Star-Telegram.com

With Texas primaries finally set for May 29, candidates must find ways to engage voters

Posted Saturday, Mar. 03, 2012

Friday at 6 p.m. is the witching hour for anyone who wants voters to put them in the state Capitol or the Texas congressional delegation this year.

This extra week of filing was made possible -- or necessary, if you prefer -- by redistricting litigation that upended the 2012 Republican and Democratic primaries.

The voting's scheduled for May 29, though it still has the lingering aura of a believe-it-when-you-see-it event.

Even though federal judges in San Antonio have issued a new set of interim voting maps for the primaries, they could run into objections from the U.S. Justice Department. Or there could be another run to the Supreme Court, not from the state this time but from an interest group arguing that this latest version still contains unacceptable legal flaws. A federal court in Washington could issue a ruling that sends everyone scrambling again.

Almost anything could happen this tumultuous election season.

Or voters could actually get to the polls, and the real impact of redistricting thus far would become clearer.

After the San Antonio panel signed off on the newest maps last week, groups with a keen interest issued dueling statements about the prospects for minorities to have a meaningful voice under the latest configurations.

Representatives of the Mexican American Legal Defense and Educational Fund and Texas branch of the League of United Latin American Citizens said Hispanics gained the opportunity to elect more candidates of their choice to Congress.

But the National LULAC organization, along with the NAACP, state Sen. Wendy Davis of Fort Worth and others, argued that minority voters still are losing out, particularly African-Americans in Tarrant and Dallas counties.

Thousands of hours and millions of dollars into the litigation, the Legislature's redistricting work has budged somewhat, but no court has yet ruled definitively on the extent to which lawmakers might have violated the Voting Rights Act. That's what a panel in D.C. is considering.

The San Antonio court's redrawing of lines is designed to eliminate potential violations for the short term -- this year's elections -- while the Washington court decides what changes must be made for maps that are supposed to last a decade.

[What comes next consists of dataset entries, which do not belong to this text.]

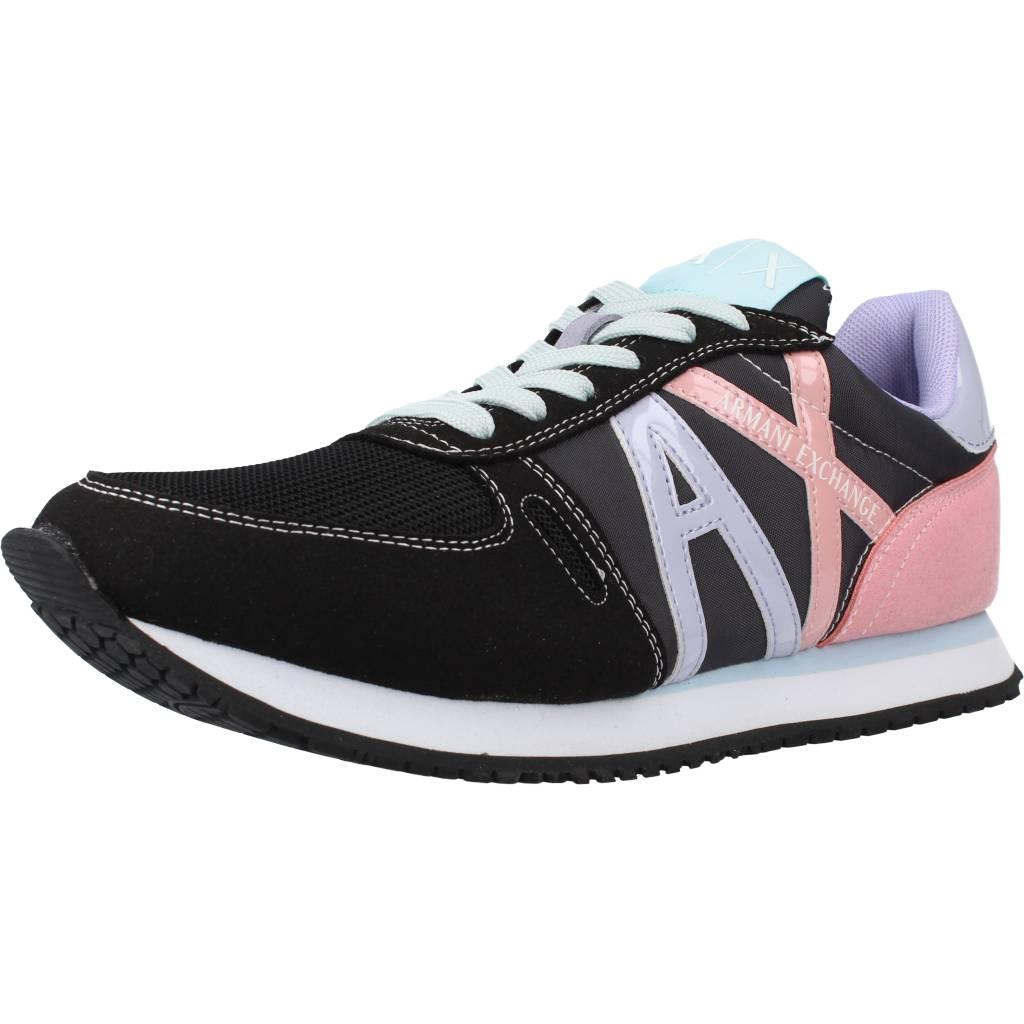 ARMANI EXCHANGE XDX XCC en color NEGRO (1)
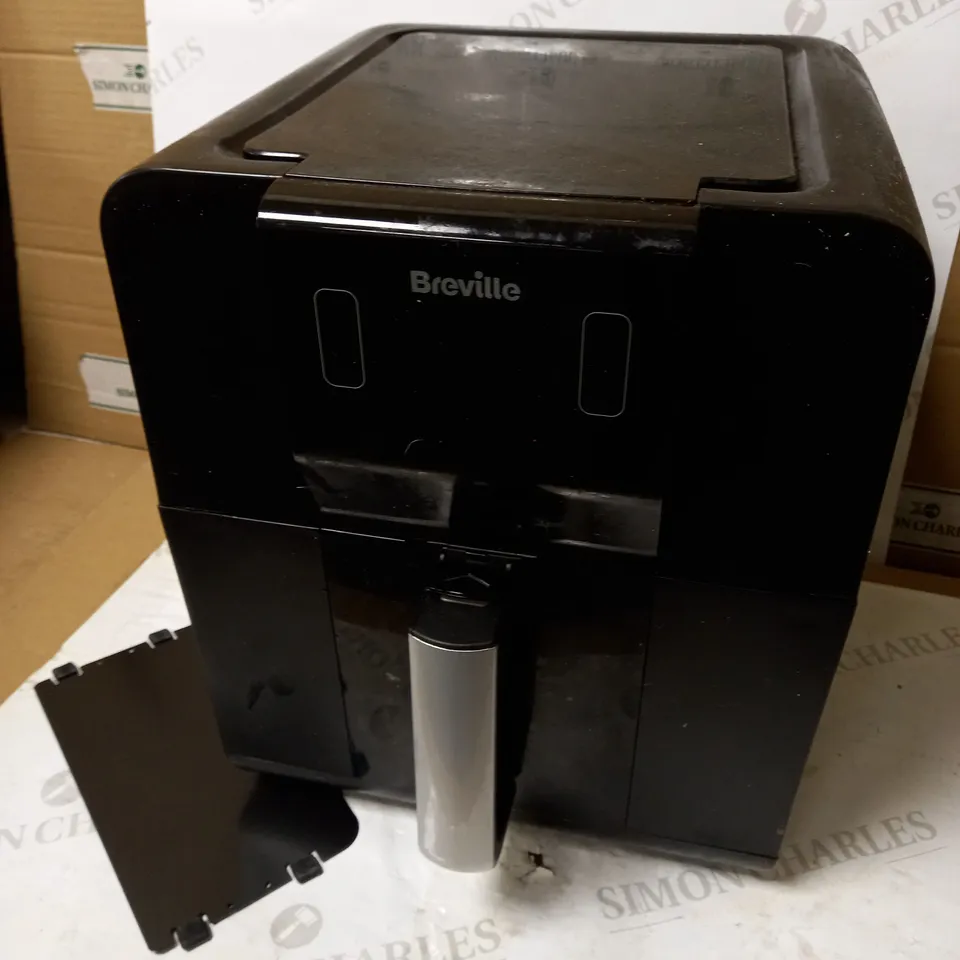 BREVILLE HALO AIR FRYER DIGITAL AIR FRYER OVEN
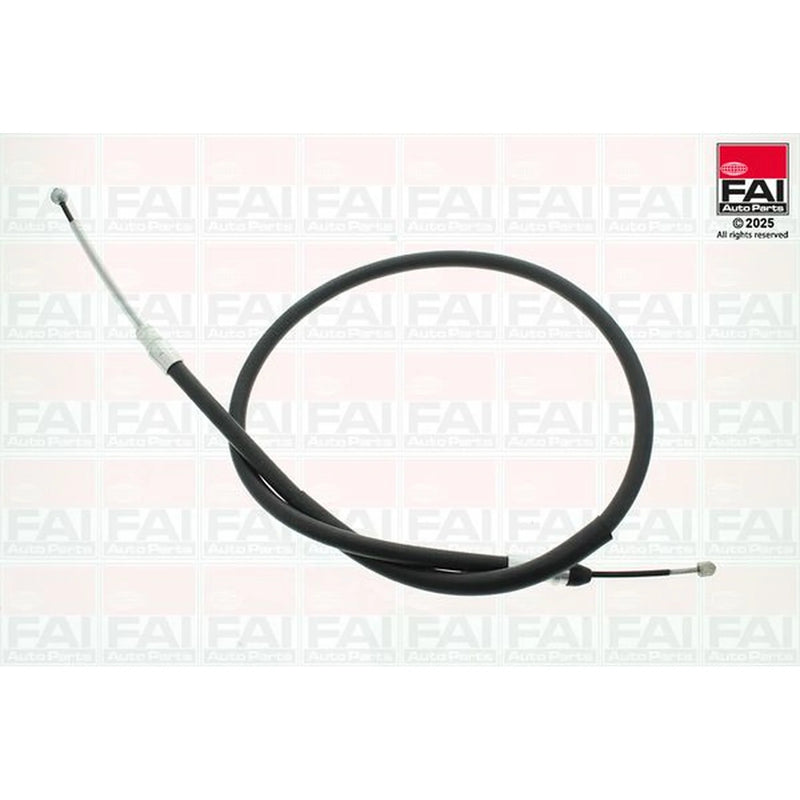 FAI Handbrake Cable Left Rear FBC575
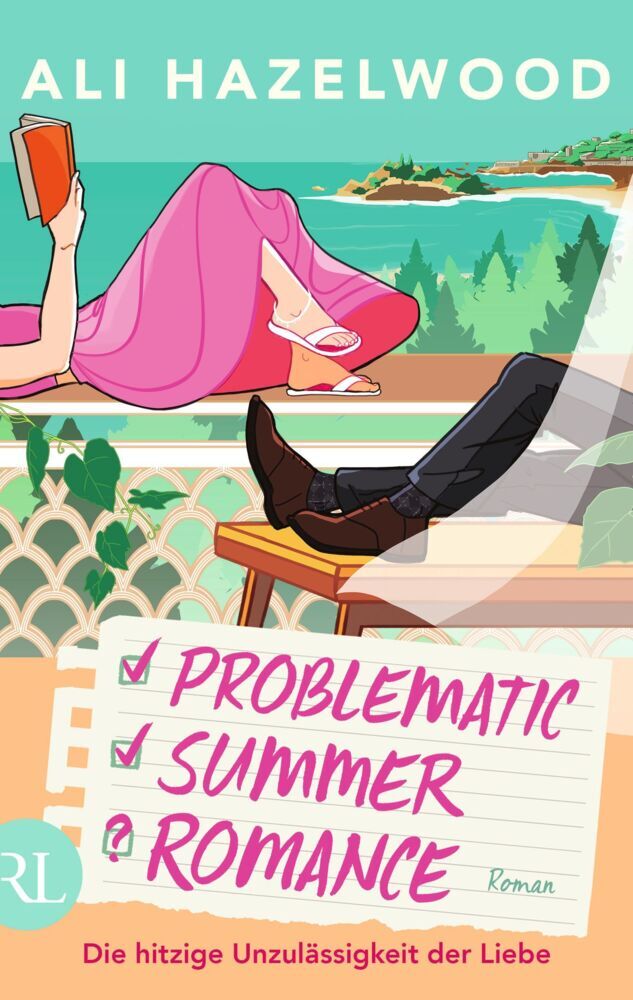 Problematic Summer Romance - Die hitzige Unzulässigkeit der Liebe (Ali Hazelwood)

For the state Senate map, Davis, a Democrat, wrestled a compromise with Texas Attorney General Greg Abbott that for now undoes legislative efforts to reconfigure Senate District 10 to reduce her chances of winning. The court-approved interim map restored fast-growing African-American neighborhoods in southwest Tarrant County to District 10 and extended it to the Johnson County line.

Those areas are fractured in the congressional map, though, one reason why there are continuing objections to it. A new congressional District 33, which is seen as Hispanic-leaning, encompasses part of west Dallas, central Arlington around the sports stadiums and most of southeast Fort Worth.

But sections of far south Fort Worth contained in state Senate District 10 are split between congressional districts represented by Reps. Joe Barton and Kay Granger, both Republicans.

The repeated reworking of boundaries has forced some candidates to scurry about to decide which districts to run from -- while the shifting of primaries from March to April to May might reduce voter turnout. That would be an unfortunate and ironic unintended consequence from litigation that's supposedly about enhancing voter participation.

So much of the pushing and tugging has been about whether Republicans would overwhelm Democrats when all the voters are counted and whether growth of the state's Hispanic population would be reflected in the electoral maps, a result likely to help Democrats' fortunes.

But ultimately it's about which candidates persuade enough voters. Some of that is about boundaries; much is about giving voters something to vote for.